While homosexual desire and/or activity need not be emotionally troublesome, there are some men and women who find it so and would like to pursue heterosexual relationships exclusively. This is certainly possible, though some people find it more difficult to change their orientation than others.

Thus are gay people categorized and circumscribed by their sexuality and should they experience any difficulty therein the "obvious" solution lies in changing their orientation.

"Behavioral scientists disagree vehemently about the causes of homosexual desire and the best ways to deal with it...." We are offered summaries of six of the most promising candidates for salvation. They could have saved themselves the trouble. Thousands of us are all too familiar with the horrors visited upon us by the self-appointed "authorities" who have long devoted themselves to changing our orientation. As eloquently expressed by members of the Gay Socialist Action Project at the New York Academy of Medicine (April, 1976): "For too long we have been diagnosed, prognosed, counseled, helped, treated and cured. We have been psychoanalyzed, tranquilized, hypnotized, psychodramaed, group therapied, hormone treated, shock treated, aversion treated, lobotomized, hysterectomized, clitoridectomized."

Rowan and Gillette carefully avoid the use of the word "cure" which certainly must have been a struggle, for what else. are they talking about? Having stated on page four "homosexuality is not an illness," it is apparent that the doctors suffer from a severe case of literary amnesia.

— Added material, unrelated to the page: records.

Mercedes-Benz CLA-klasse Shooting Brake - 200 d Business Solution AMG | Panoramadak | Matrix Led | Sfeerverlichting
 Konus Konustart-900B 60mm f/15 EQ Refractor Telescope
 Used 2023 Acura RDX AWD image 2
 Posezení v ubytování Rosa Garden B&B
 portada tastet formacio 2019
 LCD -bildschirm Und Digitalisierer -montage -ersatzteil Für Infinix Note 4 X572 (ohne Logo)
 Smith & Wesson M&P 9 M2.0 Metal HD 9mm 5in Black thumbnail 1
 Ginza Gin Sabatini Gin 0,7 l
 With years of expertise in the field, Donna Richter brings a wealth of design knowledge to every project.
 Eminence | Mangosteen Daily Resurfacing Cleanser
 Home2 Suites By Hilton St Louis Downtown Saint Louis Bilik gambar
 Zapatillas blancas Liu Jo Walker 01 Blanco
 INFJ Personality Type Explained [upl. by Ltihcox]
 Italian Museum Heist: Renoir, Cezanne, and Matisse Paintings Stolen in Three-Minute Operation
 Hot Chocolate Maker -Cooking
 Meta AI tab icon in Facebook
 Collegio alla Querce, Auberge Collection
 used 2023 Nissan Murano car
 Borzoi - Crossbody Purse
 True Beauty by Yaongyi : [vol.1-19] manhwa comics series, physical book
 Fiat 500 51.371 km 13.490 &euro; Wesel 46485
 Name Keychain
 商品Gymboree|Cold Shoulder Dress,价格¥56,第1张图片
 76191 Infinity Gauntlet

The final chapter, "Transsexualism," insofar as it describes in detail the surgical procedures of sex-change operations and the legal and personal problems of transsexuals, is quite valuable. However, the authors raise more questions than they answer as they take as a matter of course that transsexuals are homosexuals. Is homosexuality the attraction to the same sex as defined solely by anatomy? That the authors do not define homosexuality at least for the purpose of this chapter constitutes a serious oversight.

As for the health hazards of the homosexually active being "many and serious," one cannot help but wonder, compared to what? Are the health hazards of the heterosexually active few and frivolous? As for minimizing these hazards, this is what is proposed: abstinence, monogamy, condoms, and attempting "to be surreptitiously on the lookout for symptoms without offending the potential possessor of them..." Finally, "Visit regularly a VD clinic or a private physician." In other words, not very much.

The Gay Health Guide is an overwritten essay on one aspect of la condition humaine. The suggestion that relatives and friends will learn something from it about "homosexuality in general" verges on insult. Such persons would benefit themselves more by learning elsewhere about gay and lesbian people.